A los 4 años Alfonsín sufrió una dura derrota electoral que debilitó su posición. A los 4 años, prometiendo la continuidad y la profundización del mismo modelo, Cristina gana las elecciones en primera vuelta obteniendo el doble del porcentaje electoral que había tenido Nestor, y va por más. A pesar de la ensañada  oposición del sector agroexportador por la distribución de sus ganancias extraordinarias, de la necia oposición de los sectores reconcentrados de la economía y de la corporación monopólica mediática, de haber sido derrotada en las elecciones legislativas por la derecha melancólica del libre mercado, de la confrontación con las iglesias medioevales y con las izquierdas que perdieron el rumbo, Cristina insiste en la idea de que hay que profundizar el modelo.

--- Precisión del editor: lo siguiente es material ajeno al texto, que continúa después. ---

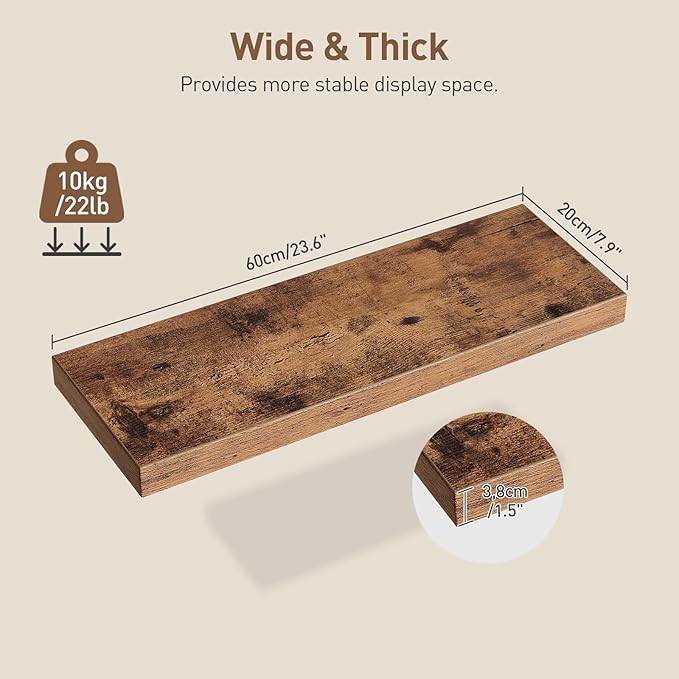 Floating Shelves for Wall, 1.5" Thick Wall Shelf Set of 3 with Invisible Brackets, 23.6L x 7.9W Hanging Shelves Farmhouse Home Decor for Bathroom, Living Room, Bedroom, Rustic Brown 6301BJP3BF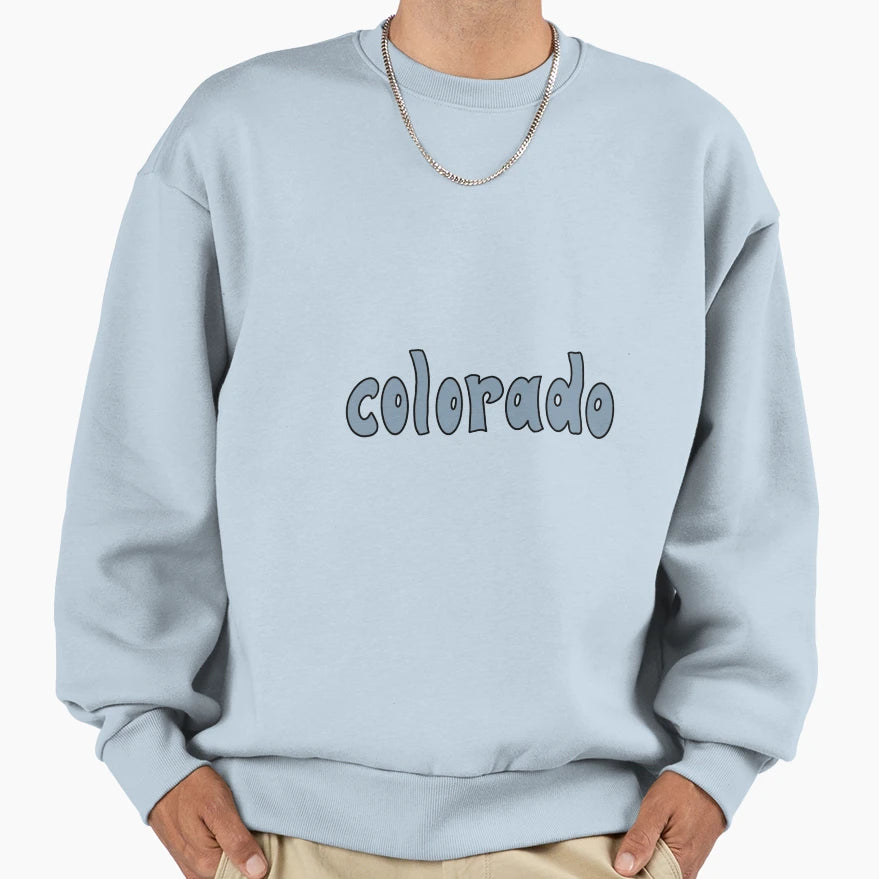Colorado Blue Simple Sweatshirt - Casual Everyday Wear Men Women - T-Shirt, Sweatshirt, Hoodie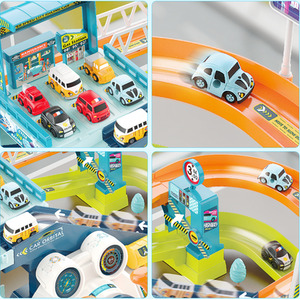 Car Simulation Steering Wheel Racing Tracks Educational Toy - multi-coloured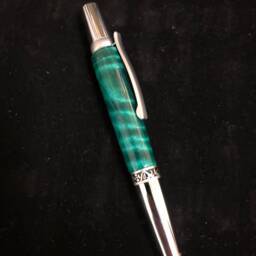 Beautiful, Hand-Crafted Wood Pen, Curly Poplar, Teal Stabilized, Stunning Depth & Movement, Elegant Chrome Fittings - Wow - thumbnail 4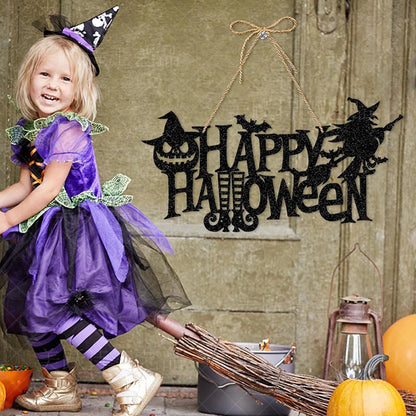 Placa de decoração temática de Halloween com brilho assustador cidade - preto e vermelho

A pesar de todo eso, después de siete años de gestión de un modelo político económico, a pesar de las dudas cobardes de sus amigos, las traiciones de sus aliados, y del ensañamiento de sus enemigos, la ex Legisladora de la Nación esposa del tipo parecido a Tristán, se encamina a ser reelecta por un porcentaje y una diferencia aún mayor que las obtenidas antes.

Y hago este paralelo, que pretendo de cierta objetividad, no para transformar los 27 años de vida democrática en un panegírico de los K. Lo hago, simplemente, para darle la derecha (mano) a Alfonsín. Parece que era cierto nomás que con la democracia se puede comer, se puede curar, y se puede educar. Pero para que sea posible, no basta con votar cada dos años. Es necesario el compromiso de un pueblo que sepa lo que quiere y esté dispuesto a defenderlo. Y es necesario la lealtad, la vocación y la convicción de sus dirigentes.  La lealtad para no traicionar las expectativas de su pueblo, la vocación de servirlo y la convicción de seguir sus ideales contra viento y marea.